Work request: Going through the entries below, copy out each line that contains "Foto".

[Material provided Boundary: Start]

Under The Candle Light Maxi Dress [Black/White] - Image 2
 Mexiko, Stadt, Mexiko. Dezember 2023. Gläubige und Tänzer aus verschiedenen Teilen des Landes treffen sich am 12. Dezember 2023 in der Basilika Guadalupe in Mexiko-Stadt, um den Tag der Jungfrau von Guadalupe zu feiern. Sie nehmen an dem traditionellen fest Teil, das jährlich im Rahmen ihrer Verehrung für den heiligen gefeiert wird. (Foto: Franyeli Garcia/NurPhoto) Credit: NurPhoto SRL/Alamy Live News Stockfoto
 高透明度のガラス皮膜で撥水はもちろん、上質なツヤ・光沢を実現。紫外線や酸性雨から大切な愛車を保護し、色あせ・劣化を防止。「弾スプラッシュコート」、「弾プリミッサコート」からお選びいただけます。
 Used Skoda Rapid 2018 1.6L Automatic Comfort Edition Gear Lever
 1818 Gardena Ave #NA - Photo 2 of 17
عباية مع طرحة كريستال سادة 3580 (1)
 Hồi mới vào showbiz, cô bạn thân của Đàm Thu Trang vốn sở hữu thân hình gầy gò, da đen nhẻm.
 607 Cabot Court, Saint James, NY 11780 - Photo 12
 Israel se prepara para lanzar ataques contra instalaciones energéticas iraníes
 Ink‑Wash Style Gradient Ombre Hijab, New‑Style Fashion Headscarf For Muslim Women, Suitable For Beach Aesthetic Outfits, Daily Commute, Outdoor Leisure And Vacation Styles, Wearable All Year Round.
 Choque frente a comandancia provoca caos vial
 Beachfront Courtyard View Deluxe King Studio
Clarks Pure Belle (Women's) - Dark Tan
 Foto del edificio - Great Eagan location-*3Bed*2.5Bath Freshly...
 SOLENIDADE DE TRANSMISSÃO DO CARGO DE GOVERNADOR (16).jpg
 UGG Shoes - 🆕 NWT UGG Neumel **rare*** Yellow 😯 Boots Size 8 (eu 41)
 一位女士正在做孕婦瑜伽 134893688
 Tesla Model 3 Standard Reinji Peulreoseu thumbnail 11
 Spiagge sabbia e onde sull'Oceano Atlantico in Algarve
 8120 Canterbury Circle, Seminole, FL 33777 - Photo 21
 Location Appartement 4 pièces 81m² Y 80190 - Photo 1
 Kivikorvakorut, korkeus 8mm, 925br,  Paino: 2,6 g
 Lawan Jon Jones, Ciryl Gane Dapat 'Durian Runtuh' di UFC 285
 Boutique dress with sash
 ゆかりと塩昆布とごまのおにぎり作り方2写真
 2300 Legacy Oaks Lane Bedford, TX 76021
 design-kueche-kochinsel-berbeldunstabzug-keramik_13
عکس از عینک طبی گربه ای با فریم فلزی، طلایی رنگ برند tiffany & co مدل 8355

[Material provided Boundary: End]

Task solution:
 Mexiko, Stadt, Mexiko. Dezember 2023. Gläubige und Tänzer aus verschiedenen Teilen des Landes treffen sich am 12. Dezember 2023 in der Basilika Guadalupe in Mexiko-Stadt, um den Tag der Jungfrau von Guadalupe zu feiern. Sie nehmen an dem traditionellen fest Teil, das jährlich im Rahmen ihrer Verehrung für den heiligen gefeiert wird. (Foto: Franyeli Garcia/NurPhoto) Credit: NurPhoto SRL/Alamy Live News Stockfoto
 Foto del edificio - Great Eagan location-*3Bed*2.5Bath Freshly...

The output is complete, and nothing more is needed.